I have been reading about bankruptcy in the UK.  If I went over for a year on my own and was declared bankrupt would we get to keep the PDH??


----------



## Marcusgil (27 Jan 2012)

I found this is very unpredictable.


----------



## 44brendan (27 Jan 2012)

You are ignoring my advice! Would you not consider getting a 2nd opinion on it!! In my opinion you don't need to take the dramatic step of applying for bankruptcy. However, if you are proposing to take this extreme text I suggest you look at Steve Thatchers posts on the issue & perhaps consider contacting him!


----------



## 3rd Gen (27 Jan 2012)

44brendan said:


> You are ignoring my advice! Would you not consider getting a 2nd opinion on it!! In my opinion you don't need to take the dramatic step of applying for bankruptcy.
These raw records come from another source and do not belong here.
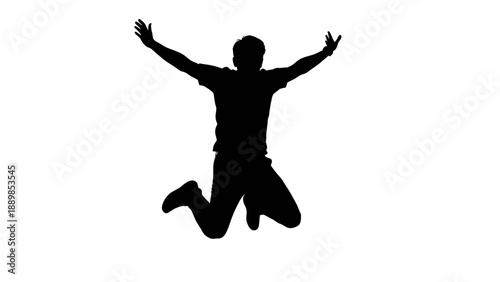 Man jumping in the air with arms outstretched and legs bent, silhouette photography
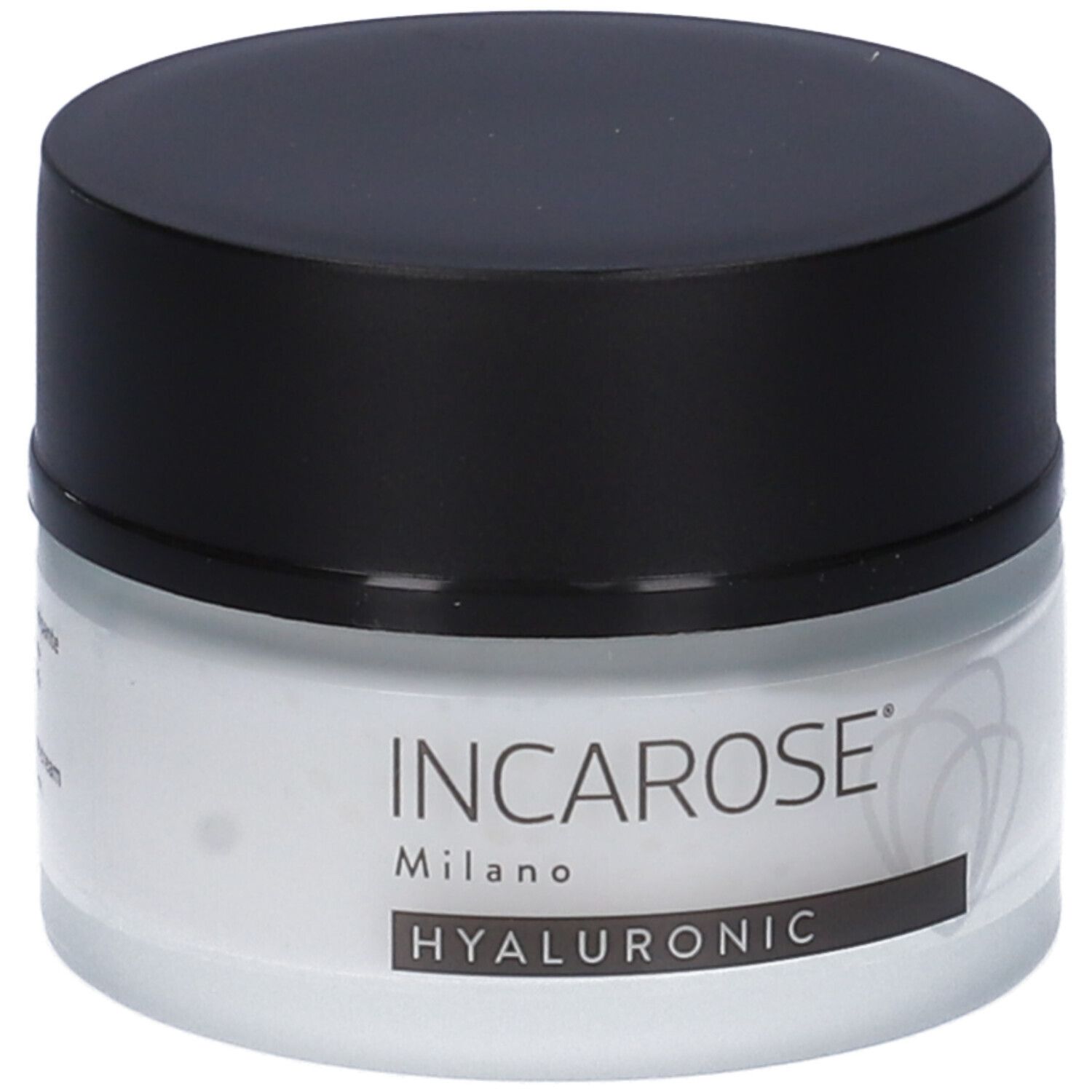 Primo piano di un vasetto di crema con coperchio nero. Sul vasetto si legge "INCAROSE Milano HYALURONIC".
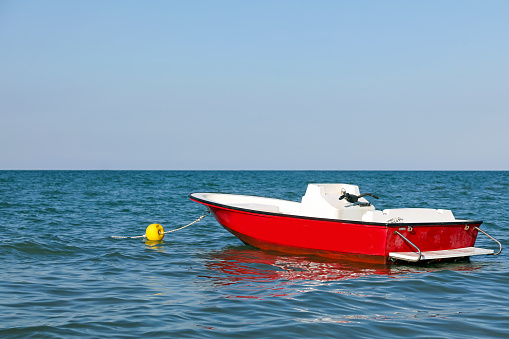 red speedboat in the sea to carry out the rescue of the bathers who are drowning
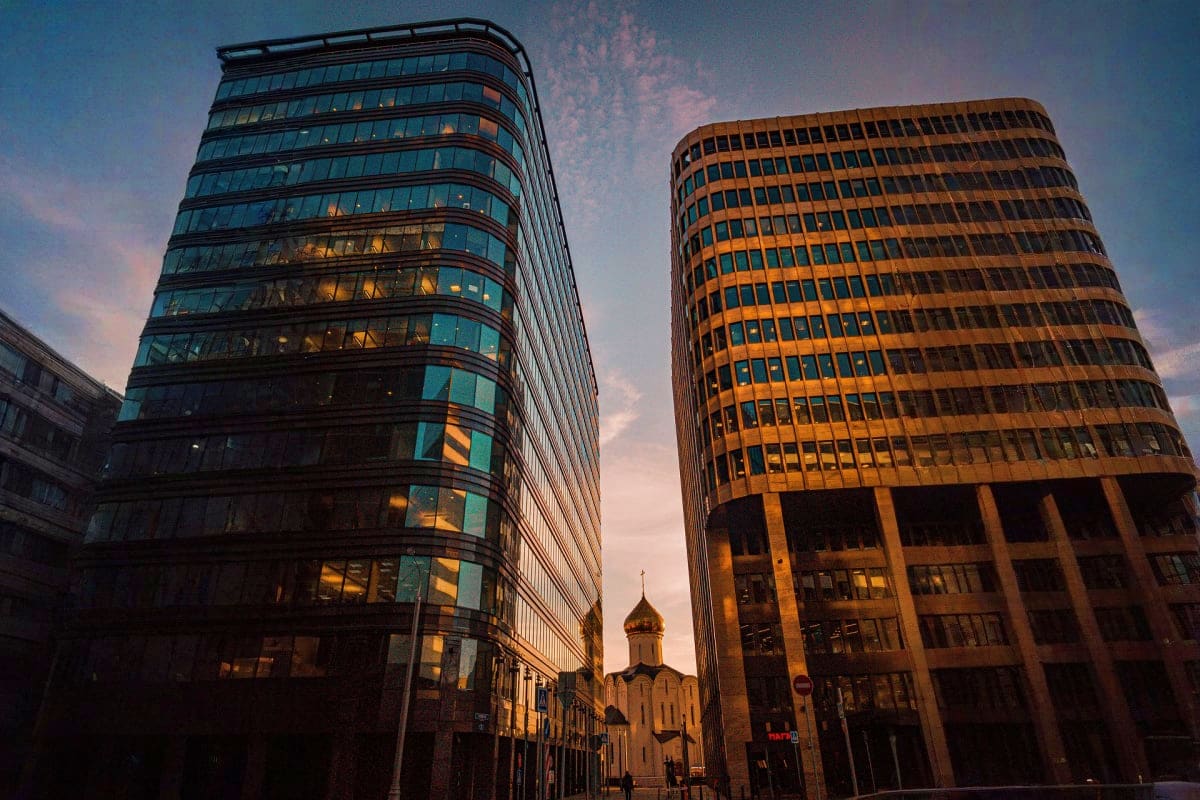Modern glass office buildings at sunset with Orthodox church with golden dome visible between them in Moscow cityscape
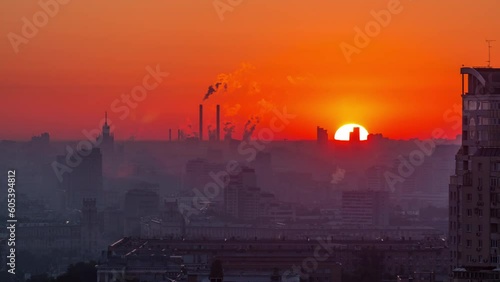 Morning mist and red sky. Residential buildings on Leninskiy avenue, Stalin skyscrapers, smoking pipes and panorama of city at sunrise timelapse in Moscow, Russia. Close up. Aerial view from rooftop photo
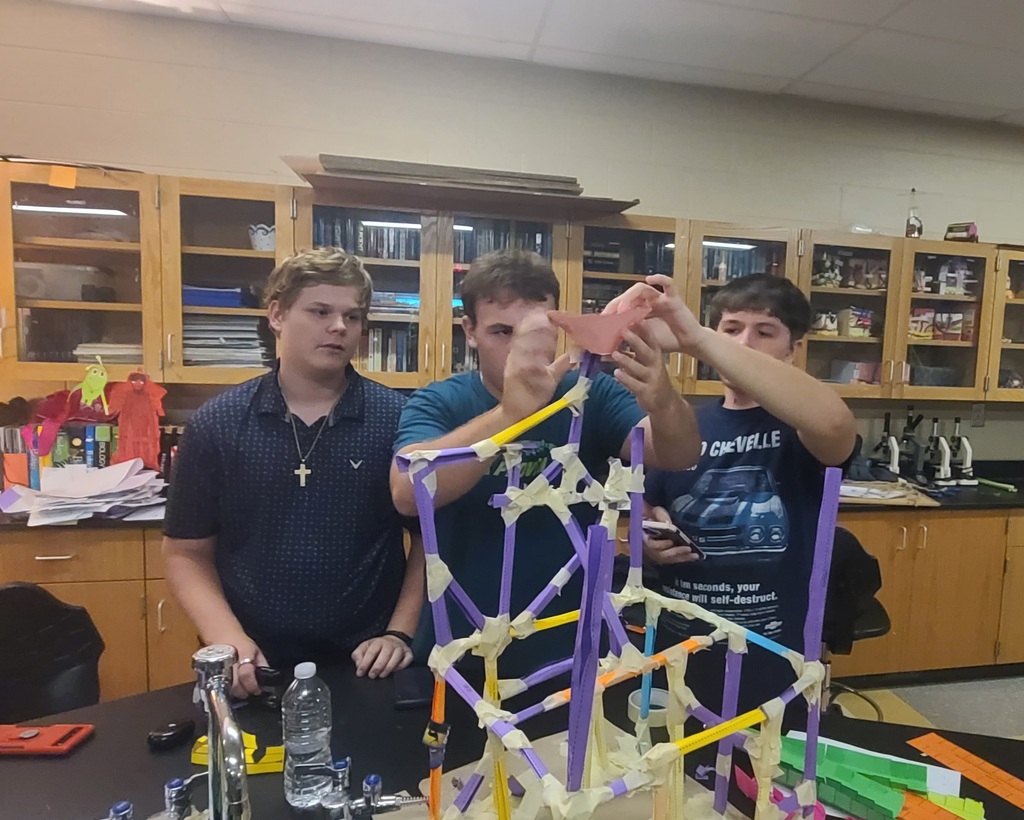 Physics students working in groups building roller coaster models from colorful craft sticks, straws, and tape in classroom after learning about linear velocity, tangential velocity, and centripetal acceleration.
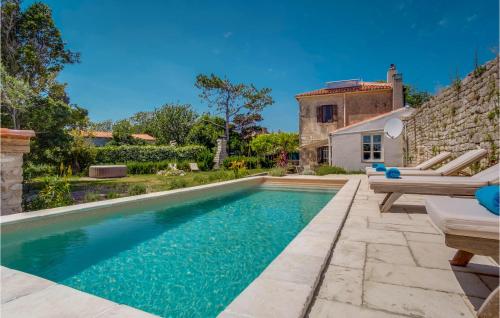 a swimming pool in front of a house with a stone wall at Pet Friendly Home In Osor in Osor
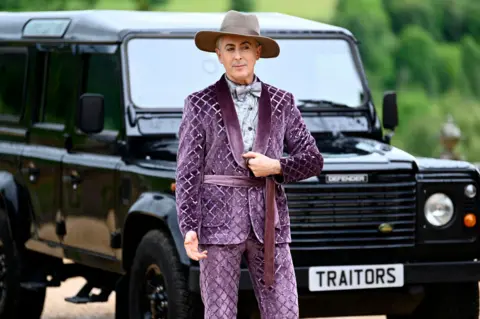 BBC/Peacock TV/Euan Cherry Alan Cummings in the TV programme The Traitors US, standing in front of the Traitors 4x4 in a mauve purple velvet suit with a diamond sequin pattern, contrasting purple velvet collar and tie belt, grey silk shirt and bow tie and a wide-brimmed mink coloured fedora hat.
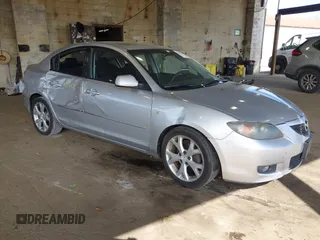 2009 Mazda 3 i Touring Value with VIN JM1BK32G891191740, listed as a IAAI auction lot 42140346 with 208,449 mi miles and . Bid and sale history available at DreamBid. Image 1.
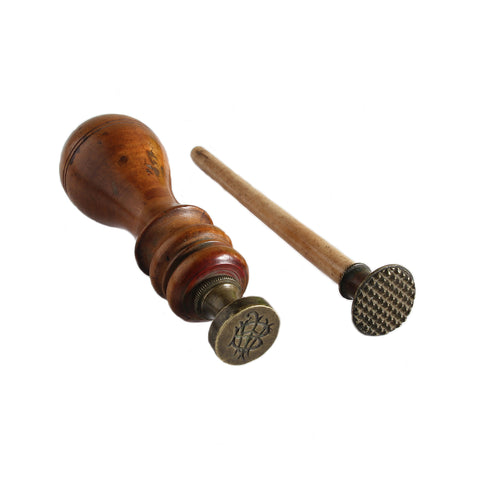 An image of two antique sealing wax seal stamps with brass bases. One stamp has a cross-hatch pattern and the other has initials etched on it.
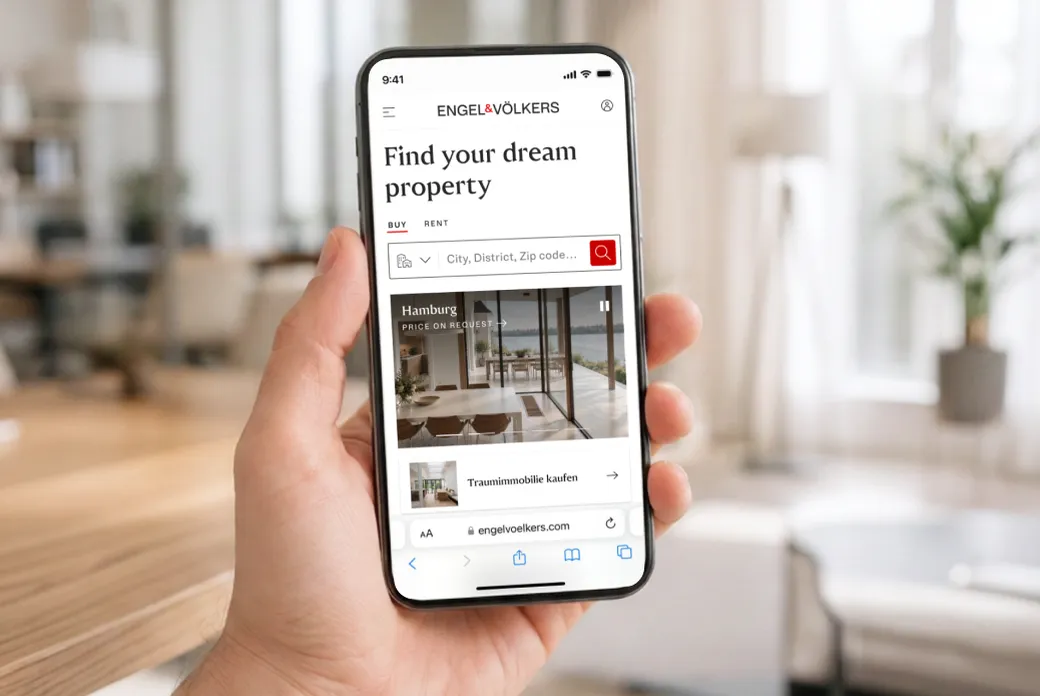 Hand holding a smartphone displaying Engel & Völkers real estate site with 'Find your dream property' search bar, bright living room backdrop. AI-generated image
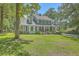 Charming two-story home with a red door, dormer windows, and mature landscaping at 121 Woodland Dr, Summerville, SC 29485
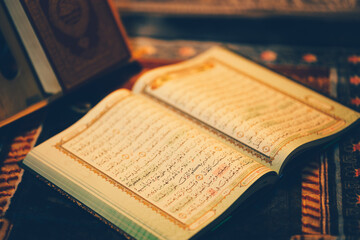 The Quran was opened for reading and had a dim golden glow. Selective focus. The concept of Islam.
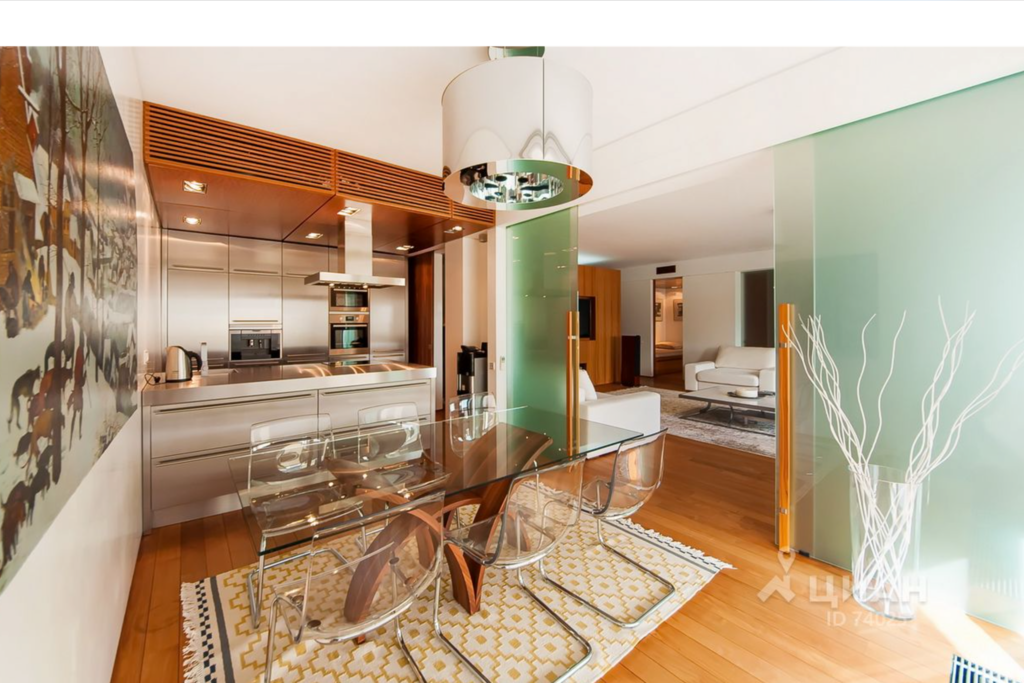 Kitchen and dining area opens up to living room through sliding glass doors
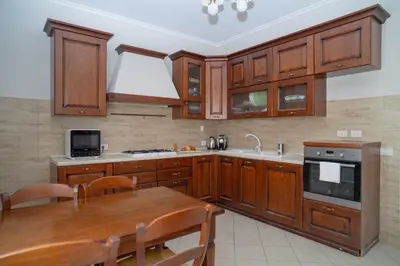 a kitchen with wooden cabinets and a wooden table at Stile e spazio nel cuore di Roma in Rome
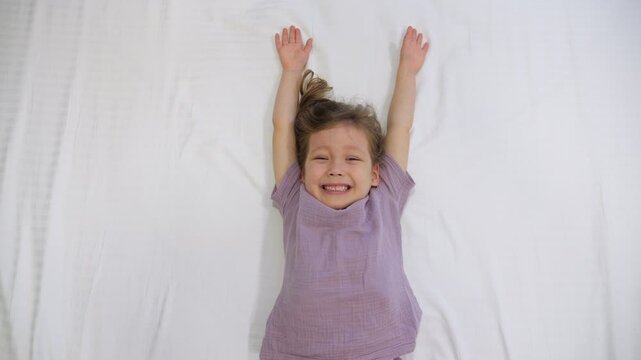 Smiling Young Girl Relaxes On White Bedding While Waving Arms Playfully. Joyful Toddler Wakes Up With Huge Smile, Stretching Body In Bright Bedroom During Wonderful Weekend Morning At Home.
However, if you are proposing to take this extreme text I suggest you look at Steve Thatchers posts on the issue & perhaps consider contacting him!




Hi Brendan

I am not ignoring your advice!

I genuinely appreciate your comments and they are being considered.

we need to consider all options and only as  a last resort will I/we seek Bankruptcy.  We love our family home, out neighbours and community so its the last thing we want to give up.

can you advise what will happen 'if' in 31 years and 11 months time when we are 'potentially' facing an outstanding mortgage of, lets say, 250k??

I would rather, while we have youth and one baby (under 6 months) to start again now then face our retirement years broke with potentially no home.  I agree that our mortgage on the PDH is cheaper than rent (we do live in a nice Dublin suburb on the North side).


----------



## DerKaiser (27 Jan 2012)

3rd Gen said:


> can you advise what will happen 'if' in 31 years and 11 months time when we are 'potentially' facing an outstanding mortgage of, lets say, 250k??


 
Unless we go through an unprecedented 32 years of no inflation, sticking with interest only repayments wouldn't actually leave you in that bad a position. 

You have €550k of property and €900k of debt. The debt will remain at €900k as long as you pay interest only, whereas you only need inflation of 1.5% p.a. over the 32 years for your properties to be worth at least as much as the outstanding loans.

Sure you'd be be back to square 1, and need to find a way of paying the rent/outstanding mortgage at that point, but it has to be the least of your worries now when compared to securing a minimum standard of living for your young family.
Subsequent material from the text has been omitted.